The code is significantly transformed, but the nasty behavior can be prevented by designing code that does not read out of bounds! The trick is that the test `k < 16` must be false before any attempt to read/write `d[k]`. Which 99.99% of programmers get right, especially by writing a loop in the standard way and not in the obtuse way demonstrated in the referenced code. The obvious and correct implementation is:
for (int k = 0; k < 16; k++) { int dd = d[k]; satd += dd < 0 ? -dd : dd; }
The fact that the SPEC code chose to load `d[k]` before checking that `k` is still in bounds is an overly clever, counterproductive "jumping the gun" tactic. Putting assignment statements into indexing expressions is also needless obfuscation (which I untangled in the unrolled analysis).
- cowboylowrez 1 year ago
  
  according to my understanding UB mechanics says "k < 16" is always true because its used as an index into d[16]. obviously my understanding is wrong because of your correct code allows it, so I'm just looking for the takeaway here. why is yours not UB when original is? Is there some magic going on that the compiler knows that the value 16 will be used as an index?
  is the compiler doing a loop unroll and study that parallels your analysis?
  aside from trying to understand this, it also seems a bit nuts that these c guys remediated that behavior by allowing an out of bounds index access with their change (?). so are they saying somehow that in this one case, the out of bounds should be allowed?
  
  2 replies →

rollcat 1 year ago

Perhaps I'm spoiled by ever so slightly higher-level languages, but it seems your entire point is that if a program is ever so slightly incorrect, the programmer (and/or the end user) should suffer all of the consequences.

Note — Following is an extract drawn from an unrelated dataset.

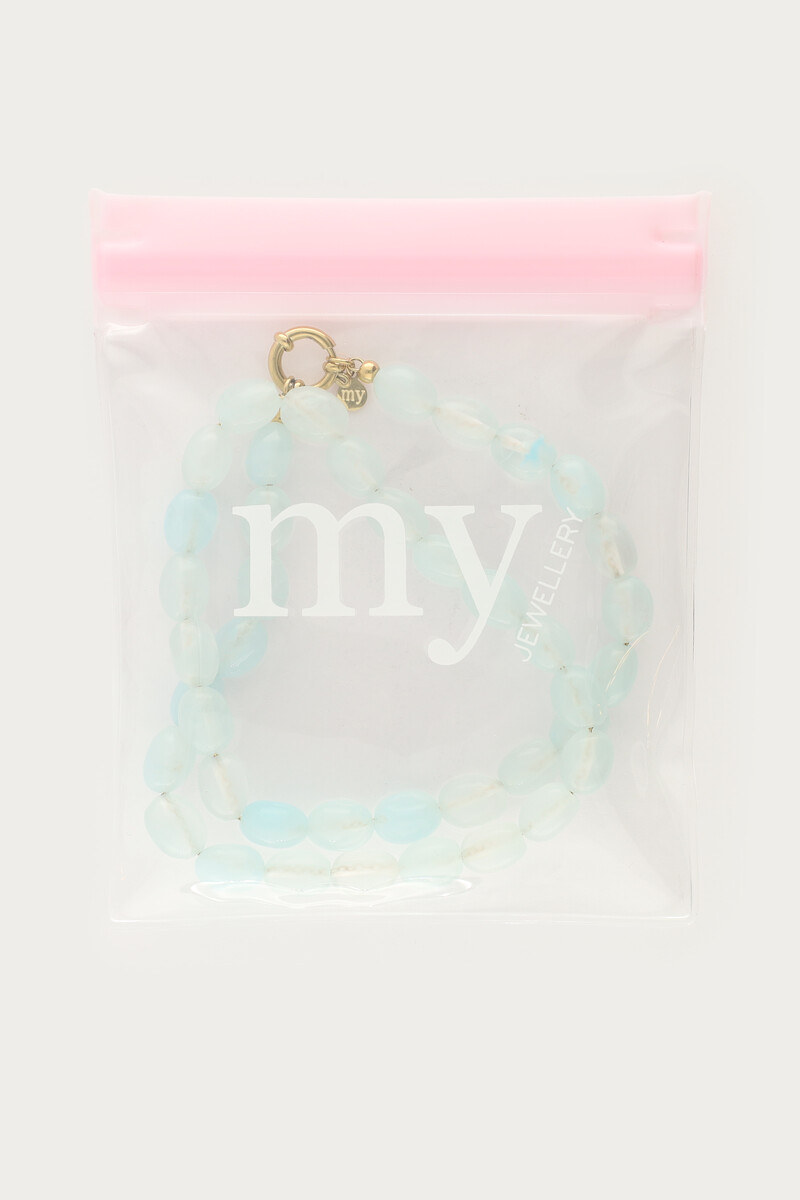 Light blue minimalist beaded necklace | My Jewellery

From where I stand, compilers are tools to aid the programmer. We invented them, because we found out that it was more productive than writing machine code by hand[1]. If an off-by-one error or a null pointer dereference[2] in a trivial program can invoke time travel several frames up the call stack[3], it isn't just missing the entire point of having a compiler - it can drive people insane.

[1]: https://en.wikipedia.org/wiki/Grace_Hopper#UNIVAC

[2]: https://en.wikipedia.org/wiki/Tony_Hoare#Research_and_career

[3]: https://devblogs.microsoft.com/oldnewthing/20140627-00/?p=63...

As far as I can tell, no popular language created in the past 30 years (including those with official specs and multiple implementations) makes heavy use of UB.

nayuki 1 year ago
> no popular language created in the past 30 years makes heavy use of UB
Yeah, I'm happy that Rust's list is relatively short, with approximately 10 items on it: https://doc.rust-lang.org/reference/behavior-considered-unde...
Also relevant reading: https://doc.rust-lang.org/nomicon/what-unsafe-does.html
- steveklabnik 1 year ago
  
  That list for Rust is not necessarily comprehensive. What matters more than the number is the segregation; you can’t cause UB from safe rust, only unsafe rust.